3. **Using the App**
1. **Upload** any audio/video file (mp3, mp4, etc.)
2. Select a model:
- For CPU/Spaces: `flan-t5-base`
- For local GPU: `phi3` or `tinyllama` (requires Ollama)
3. Ask a question in the **Ask** tab
4. The app will:
- Transcribe the media (first time only)
- Find the most relevant 30-second clip
- Play the audio and show the timestamp
4. **Debugging**
- Check the terminal for transcription progress
- View the **Debug Log** tab for detailed LLM interactions
- Logs are saved to `langchain_debug.jsonl`
---
## Project Layout
```
β”œβ”€β”€ app.py # Gradio UI and orchestration
β”œβ”€β”€ clipper.py # ffmpeg clip extraction helper
β”œβ”€β”€ index_builder.py # transcription + FAISS index builder
β”œβ”€β”€ qa_engine.py # load index, build RetrievalQA chain, JSONL logging
β”œβ”€β”€ logging_config.py # basic logger
β”œβ”€β”€ requirements.txt
└── README.md
```
Generated artifacts:
* `downloads/audio.mp3` – copy of uploaded audio
* `data/faiss_index*` – FAISS vector store
* `data/segments.json` – transcript chunks with timestamps
* `langchain_debug.jsonl` – streaming debug log
---
## Customising
* **Change minimum clip length** – Modify `MIN_CLIP_SEC` logic in
`app.py` (currently hard-coded to 30 s).
* **Use a different LLM** – Change the `ChatOllama(model=...)` argument
in `qa_engine.py` (any Ollama-served model works).

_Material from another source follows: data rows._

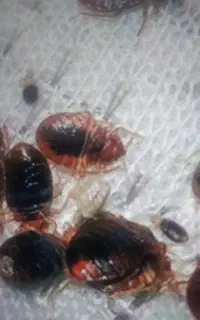 سمپاشی ساس سوسک کنه موریانه 100تضمینی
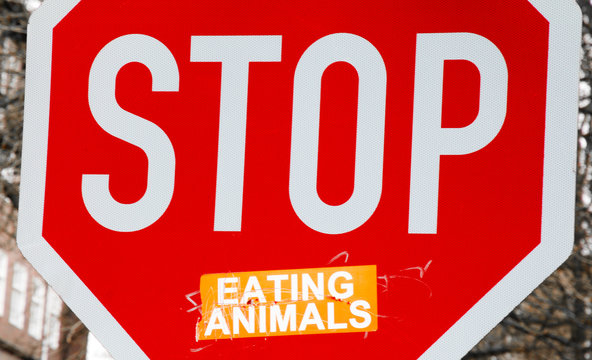 Tiere essen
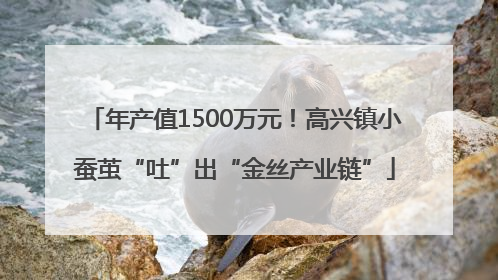 年产值1500万元！高兴镇小蚕茧“吐”出“金丝产业链”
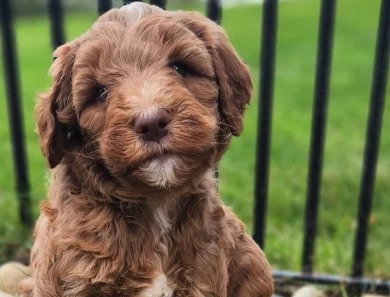 Sullivan Labradoodle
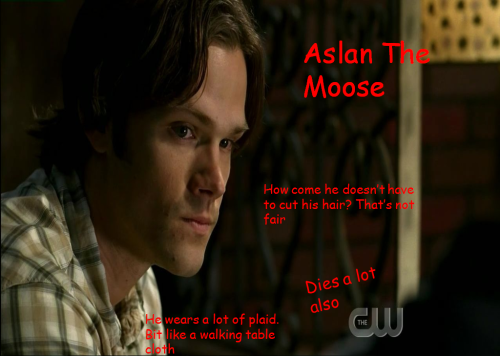 supernaturalshadowhunter:Can I just…?Aslan The MooseAslan The MooseAslan The MooseAslan The Moose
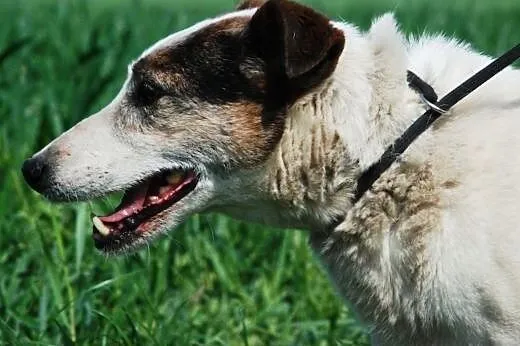 Czesti - mix teriera - jack russell i bull terier 
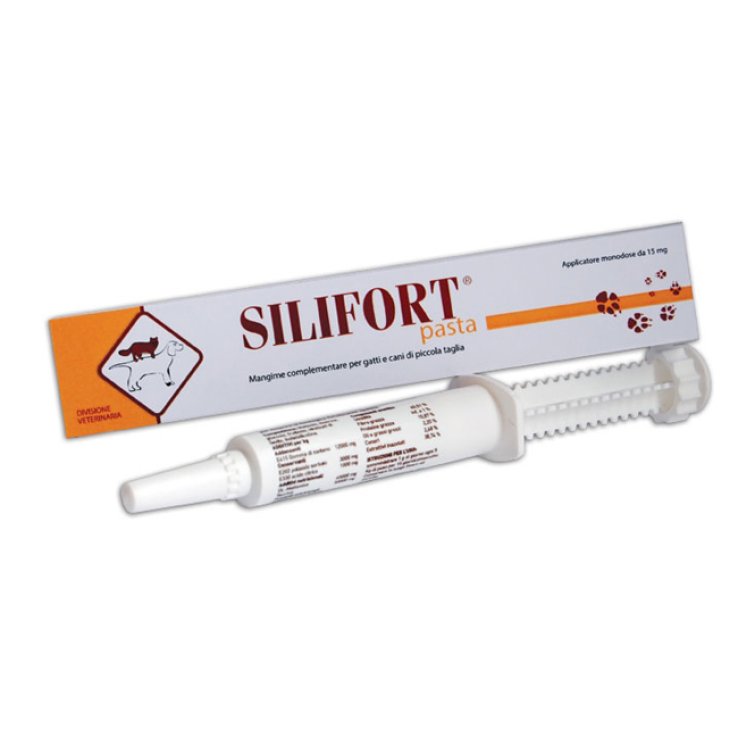 Silifort Pasta Os Siringa 30g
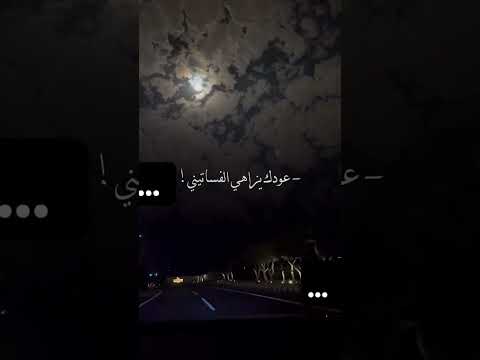 مفصل الخصرين بلملي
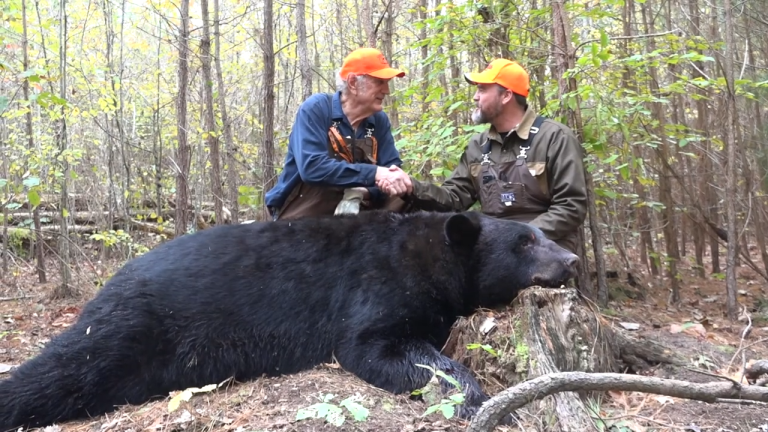 The Gift Of A Bear Hunt! | Carolina ALL OUT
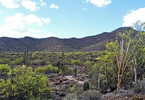 photo thumbnail #4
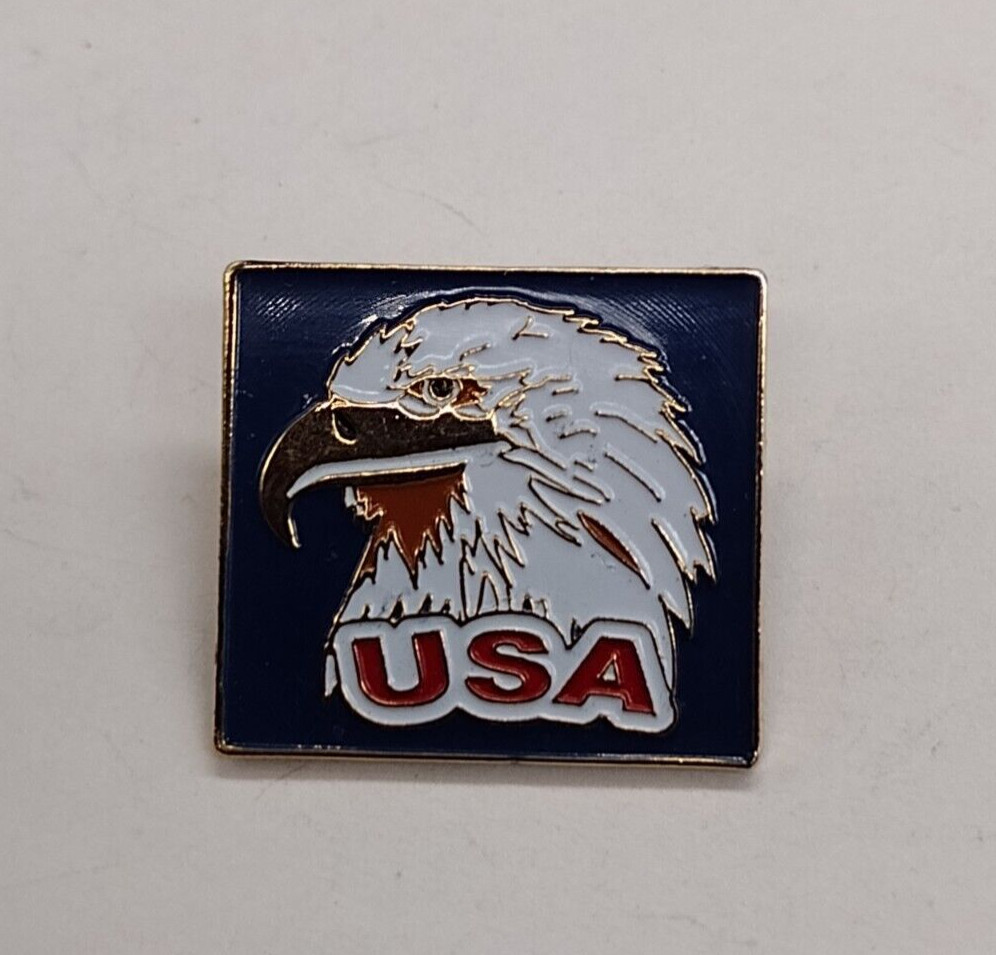 USA Eagle Face Lapel Pin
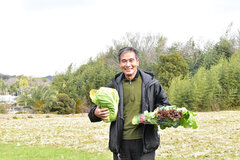 生産者直送の神戸野菜を販売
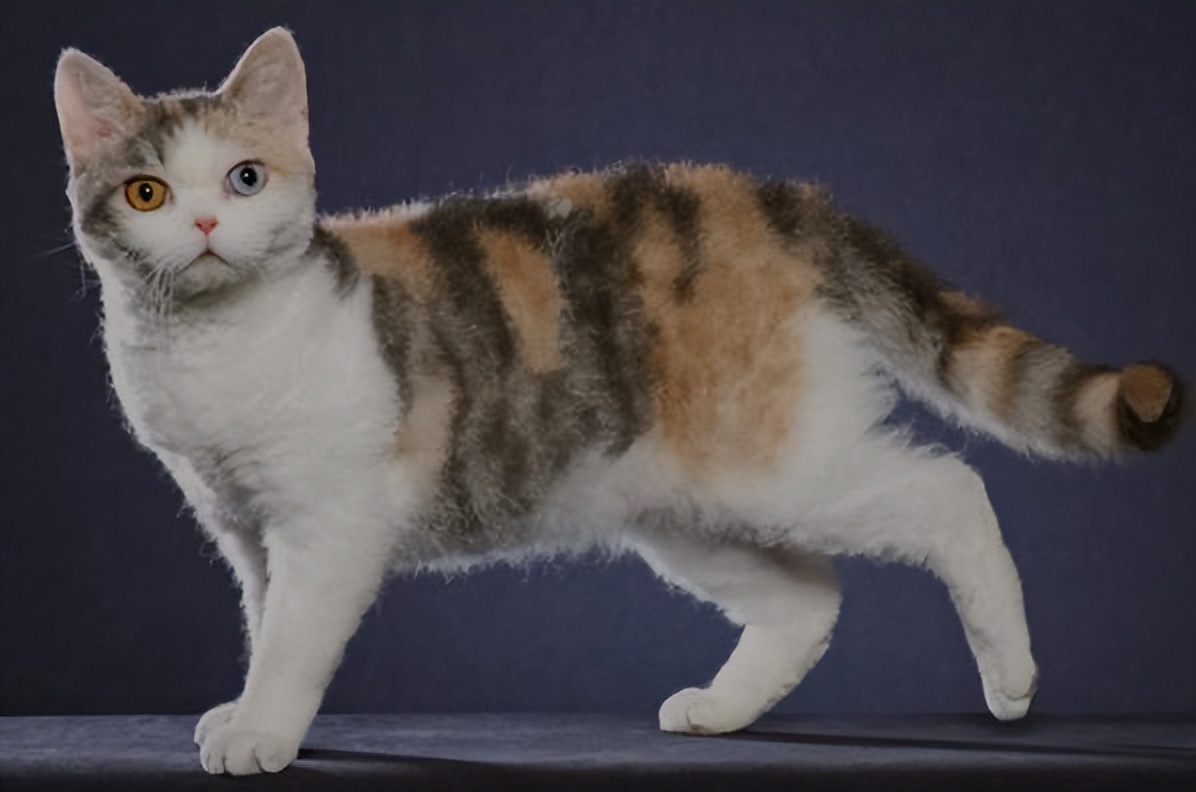 纯种猫咪有哪些颜色,纯种宠物猫有哪些品种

* **Prompt template** – Supply `chain_type_kwargs={"prompt": custom_prompt}`
when calling `RetrievalQAWithSourcesChain.from_chain_type`.

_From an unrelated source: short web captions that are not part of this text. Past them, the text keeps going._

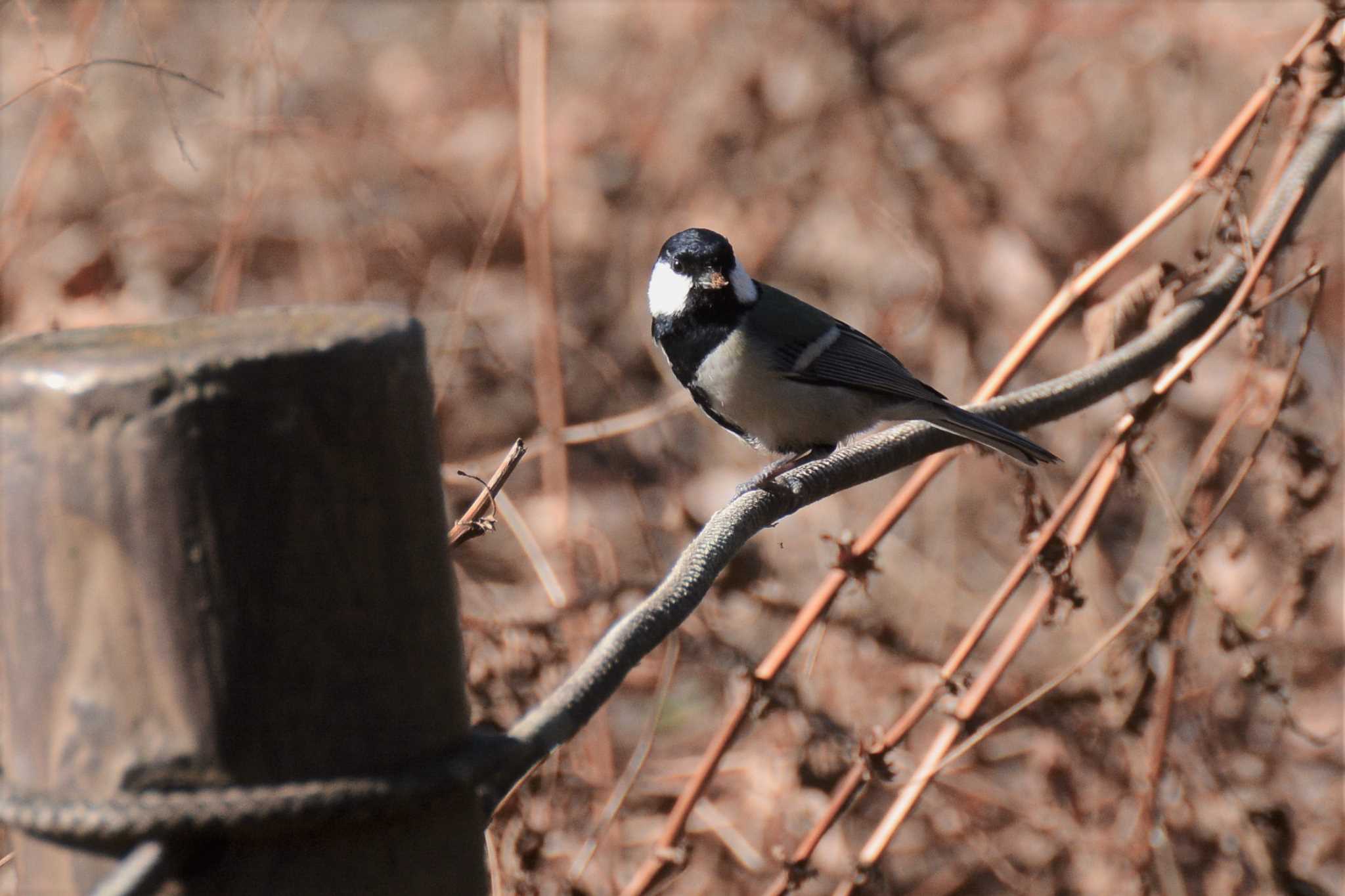 Photo of Japanese Tit at 神代植物公園 by geto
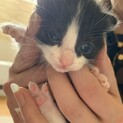 トラブルからの保護猫さんに子猫が産まれました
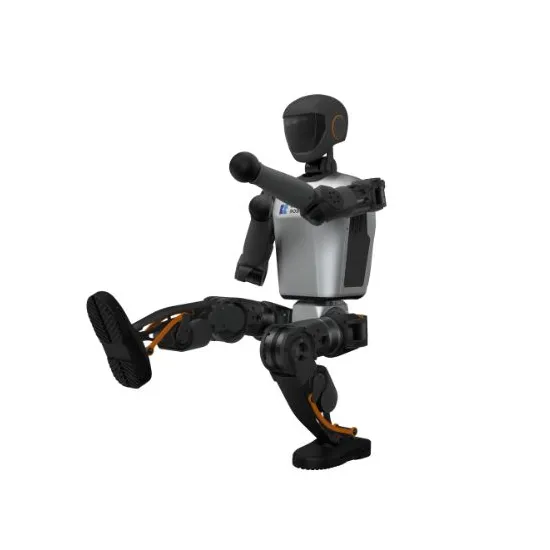 Booster T1 Humanoid Robot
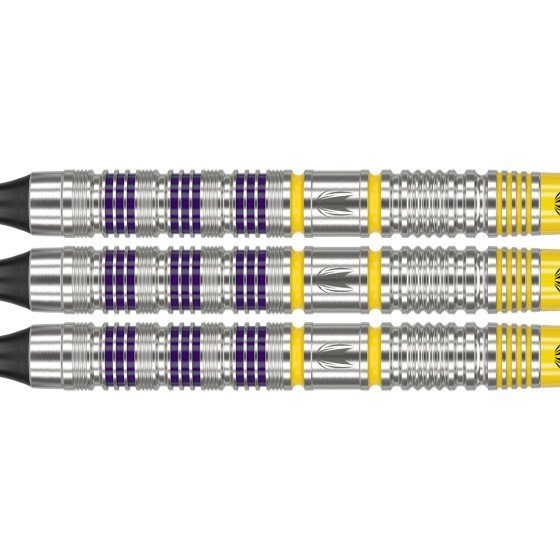 TARGET Luke Littler ソフト＆スティール セット Target Luke Littler Brass Set 22 Pieces Soft Tip Darts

* **Rotate / clean logs** – Delete `langchain_debug.jsonl`; it will be
recreated on the next query.
---
## Troubleshooting
### Common Issues
| Issue | Solution |
|-------|----------|
| **Ollama not detected** | Run `ollama serve` in a separate terminal |
| **CUDA Out of Memory** | Use a smaller model (`phi3` instead of `mistral`) or reduce batch size |
| **FFmpeg not found** | Install FFmpeg and ensure it's in your PATH |
| **Slow performance on CPU** | Use `phi3` or `tinyllama` with Ollama for GPU acceleration |
| **Model download errors** | Check internet connection and disk space |
### Advanced
- **Reducing VRAM Usage**:
```python
# In app.py, reduce context length
llm = ChatOllama(model="phi3", num_ctx=2048) # default is 4096
```
- **Faster Transcriptions**:
```bash
# Pre-convert to 16kHz mono WAV
ffmpeg -i input.mp3 -ar 16000 -ac 1 -c:a pcm_s16le input_16k.wav
```
- **Debug Logs**:
- Check `langchain_debug.jsonl` for detailed traces
- Set `LOG_LEVEL=DEBUG` for verbose output
## Local Development
### Environment Variables
```bash
# For HuggingFace models (required for Spaces)
export HUGGINGFACEHUB_API_TOKEN="your_token_here"
# For debugging
export LOG_LEVEL=DEBUG
```
### Running Tests
```bash
# Install test dependencies
pip install pytest pytest-mock
# Run tests
pytest tests/
```
### Building for Production
```bash
# Create a standalone executable (using PyInstaller)
pip install pyinstaller
pyinstaller --onefile app.py
```
---
## License
MIT – do what you want, no warranty.